Orderable bulk-load transactions: Taking the minimum and maximum primary keys of the data written by a transaction as its range, if the ranges of transactions do not overlap, they are considered orderable. In other words, when the data written by two transactions can be sorted in ascending order of the primary key without any interleaving, these two transactions are orderable.
When both of the above ordering conditions are met simultaneously, the data import is considered fully ordered, achieving optimal performance.
If the first condition is not met, meaning the individual records within a transaction are not sorted by primary key, the parameter tdsql_bulk_load_allow_unsorted must be enabled before import; otherwise, the operation will fail with an error. When the parameter tdsql_bulk_load_allow_unsorted is enabled, data within each transaction is first staged in temporary files. During the commit phase, an external merge sort is performed before sequentially writing to external SST files. If the data within a transaction is already ordered, this step is skipped, and data is written directly to external SST files. Consequently, unordered transactions consume more CPU and I/O resources than ordered ones.
If the second condition is not met, the external SST files generated between transactions will have overlapping ranges. When they are inserted into the LSM-tree, this overlap prevents finding suitable insertion positions in lower levels, causing more SST files to be ultimately inserted into the top level (level-0). This triggers compaction operations to lower levels, consuming additional I/O resources during bulk-load data import and adversely affecting overall performance.
Concurrent Import
When disk performance is good (such as NVMe disks), the bottleneck for bulk-load performance is more likely to be CPU-bound rather than I/O-bound. You can try appropriately increasing the concurrency of import threads (50~100) to improve import efficiency.
The system supports configuration via tdstore_bulk_load_sorted_data_sst_compression, tdstore_bulk_load_unsorted_data_sst_compression,
The tdstore_bulk_load_temp_file_compression parameter (requires super administrator privileges) adjusts the compression algorithm used for external SST files and temporary data files generated during the bulk-load import process to balance CPU and I/O resources with disk space utilization.
SET GLOBAL tdstore_bulk_load_sorted_data_sst_compression=zstd,snappy,lz4,auto,nocompression,...;
Control of Transaction Size
Unlike regular transactions that temporarily store uncommitted data in a write batch for in-memory storage, bulk-load transactions directly write uncommitted data to external SST files. This approach prevents large transactions from causing excessive memory consumption and OOM (Out Of Memory) issues.
Conversely, bulk-load transactions should not be too small in scale. Otherwise, they would generate smaller SST files on one hand, and frequent bulk-load transaction commits would also result in suboptimal import performance on the other.
Typically, a bulk-load transaction with a data volume of 200MB or more delivers optimal performance. Note that compression is enabled by default for external SST files. Taking ZSTD as an example, compression ratios can reach 10:1 or higher compared to raw data. Therefore, it is recommended to have a bulk-load transaction write raw data volumes exceeding 2GB.

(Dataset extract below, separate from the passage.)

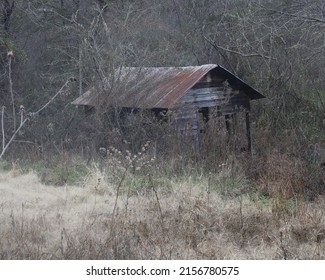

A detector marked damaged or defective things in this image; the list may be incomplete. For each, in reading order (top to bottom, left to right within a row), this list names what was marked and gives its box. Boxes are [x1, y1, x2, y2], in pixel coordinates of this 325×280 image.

rusty corrugated roof [71, 64, 264, 109]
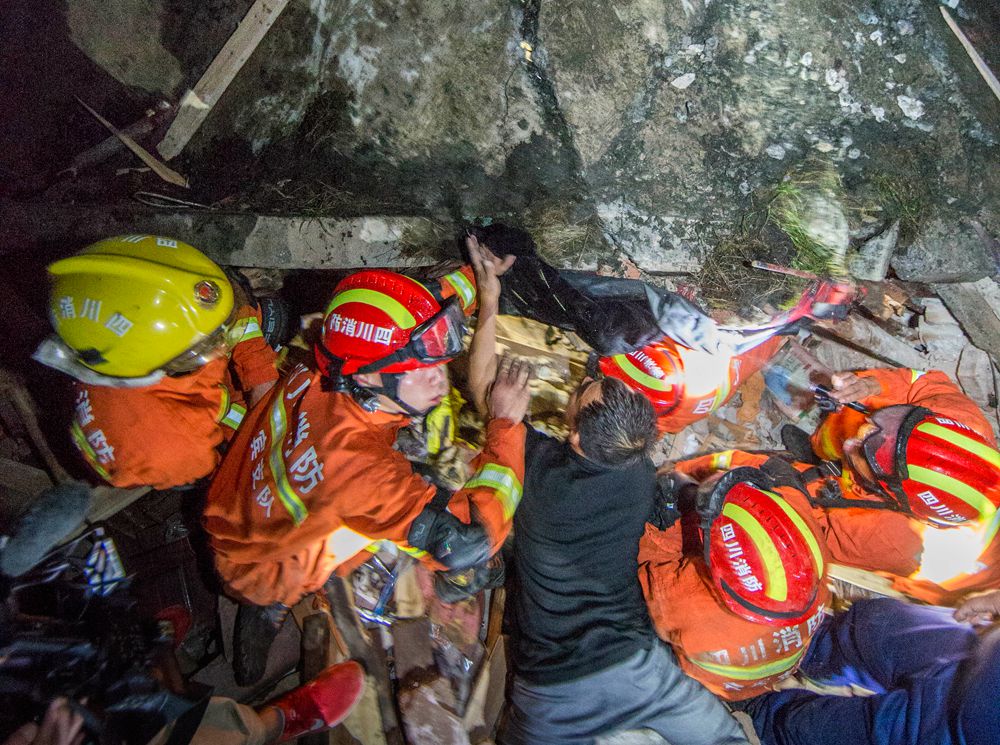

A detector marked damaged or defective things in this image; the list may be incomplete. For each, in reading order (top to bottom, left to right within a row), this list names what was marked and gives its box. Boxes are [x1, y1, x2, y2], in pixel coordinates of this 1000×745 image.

broken timber [155, 0, 290, 160]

Automatic Transaction Batching and Committing
For large-scale data migration imports with higher performance requirements and no read requests during the migration phase, consider enabling auto-batching and committing for bulk-load transactions: SET GLOBAL tdsql_bulk_load_allow_auto_organize_txn = ON; This allows the database to automatically accumulate bulk-load transaction data to an optimal scale before initiating commits, maintaining high import performance. Note that when this option is enabled, data corresponding to a client's successful commit request may still be in the batching phase and not yet reached the auto-commit threshold, thus potentially not immediately visible. It is recommended to perform row count verification after the import is completed.
Secondary index
For tables with secondary indexes, bulk-load performance degrades as the number of secondary indexes increases. This occurs because secondary index data is inherently unordered, requiring additional sorting operations that introduce computational overhead during the import process. To optimize scenarios involving secondary indexes, it is recommended to appropriately increase the size of bulk-load transactions.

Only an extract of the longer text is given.